The Abu Dhabi Motor Show is a biennial show held in Abu Dhabi, United Arab Emirates. It is organized by Reed Exhibitions, and sponsored by companies like Al Hilal Bank and Yas Marina Circuit, in association with Emirates Auction and the Ministry of Interior Abu Dhabi.
With over 42 exhibitors and 50,000 attendees from all over the world in 2010, and an approximately 93% good to excellent rating from exhibitors in 2008, the Motor Show is expanding by every year due to a reported increase in the number of exhibitors, as well as attendees by the year.

The show is well known for its display of latest car models from Ferrari, Lamborghini, Hummer, Mercedes, Lexus and many well named global companies in the auto-industry, but more for the new product launches by these firms. The show attracts mass crowds from the surrounding countries of the Arab world who bring in some of their very own customized and high-tech cars. Most luxury car auctions exceed their expectations in price due to the increased competition coming in every year.  

In recent years, the show has attracted mass audiences primarily due to its close relation with the Abu Dhabi Formula 1 races, which drives over 10 thousand visitors into Abu Dhabi each year during a time very close to the Motor Show. The event takes place at the Abu Dhabi National Exhibition Centre (ADNEC), during the early few weeks of December. This also provided most automotive the benefits of marketing their products to a larger audience as most attended tend to make the best of their trip by exploring different aspects of the car industry, from races to new car models to price changes in vehicles. The 2012 show is predicted to be even bigger, both exhibitor and visitor wise.

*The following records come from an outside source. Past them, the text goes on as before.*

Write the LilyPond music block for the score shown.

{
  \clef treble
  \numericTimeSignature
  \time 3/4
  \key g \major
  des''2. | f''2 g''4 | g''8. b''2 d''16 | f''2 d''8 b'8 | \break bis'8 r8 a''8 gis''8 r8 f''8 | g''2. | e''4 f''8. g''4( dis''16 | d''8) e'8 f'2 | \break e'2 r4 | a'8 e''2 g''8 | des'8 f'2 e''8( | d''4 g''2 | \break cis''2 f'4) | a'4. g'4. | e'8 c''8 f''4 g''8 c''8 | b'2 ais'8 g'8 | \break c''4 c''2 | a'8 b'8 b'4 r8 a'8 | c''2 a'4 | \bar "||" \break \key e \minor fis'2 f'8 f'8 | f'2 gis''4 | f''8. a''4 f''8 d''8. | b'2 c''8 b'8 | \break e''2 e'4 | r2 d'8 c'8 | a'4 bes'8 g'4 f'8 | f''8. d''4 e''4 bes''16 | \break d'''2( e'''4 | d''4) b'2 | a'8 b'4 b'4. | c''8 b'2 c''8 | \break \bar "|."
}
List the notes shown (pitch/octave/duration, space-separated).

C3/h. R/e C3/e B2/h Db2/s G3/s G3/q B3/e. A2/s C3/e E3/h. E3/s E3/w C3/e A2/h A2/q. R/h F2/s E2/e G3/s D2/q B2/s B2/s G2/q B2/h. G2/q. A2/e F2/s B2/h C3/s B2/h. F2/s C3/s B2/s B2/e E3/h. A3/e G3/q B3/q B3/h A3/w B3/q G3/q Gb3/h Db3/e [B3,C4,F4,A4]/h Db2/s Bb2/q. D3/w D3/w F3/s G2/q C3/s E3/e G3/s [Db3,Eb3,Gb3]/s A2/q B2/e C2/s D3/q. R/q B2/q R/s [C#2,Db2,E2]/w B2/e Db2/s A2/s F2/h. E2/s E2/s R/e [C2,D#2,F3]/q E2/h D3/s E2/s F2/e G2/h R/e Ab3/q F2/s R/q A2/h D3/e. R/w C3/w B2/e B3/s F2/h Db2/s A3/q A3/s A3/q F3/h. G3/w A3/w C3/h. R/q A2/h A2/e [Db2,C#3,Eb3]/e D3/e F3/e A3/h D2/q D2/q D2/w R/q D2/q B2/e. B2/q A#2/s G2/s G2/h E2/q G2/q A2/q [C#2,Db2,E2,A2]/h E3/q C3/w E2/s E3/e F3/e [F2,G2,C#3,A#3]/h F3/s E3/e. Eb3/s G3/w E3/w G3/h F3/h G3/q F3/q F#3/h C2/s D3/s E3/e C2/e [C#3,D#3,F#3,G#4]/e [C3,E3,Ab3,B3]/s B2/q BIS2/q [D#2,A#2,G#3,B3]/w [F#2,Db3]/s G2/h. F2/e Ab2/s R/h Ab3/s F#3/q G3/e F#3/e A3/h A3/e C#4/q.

Cars Presented at the 2010 Show 
Toyota FJ Cruiser
Chevrolet Camaro
Ferrari 458 Italia
Ford Expedition
Ferrari California
Hyundai Genesis
GMC Acadia Denali
Hyundai Accent
KIA Optima
Toyota Land Cruiser
Lexus GS460
Ford Mustang
Lamborghini Gallardo
Toyota Zelas

The Venue 
Abu Dhabi National Exhibition Centre has been one of the key areas of the city of Abu Dhabi where most local and international events take place, from exhibitions to university presentations. The ADNEC complex consists of the exhibition centre with 12 halls, 3 food outlets and a few kiosks to cater to the moving crowd. 
Prior to ADNEC, the Motor Show took place in an older expo centre not far from the new, more modern-looking ADNEC. Coming to this new location has attracted mass crowds from all over the world, with people from very different trades.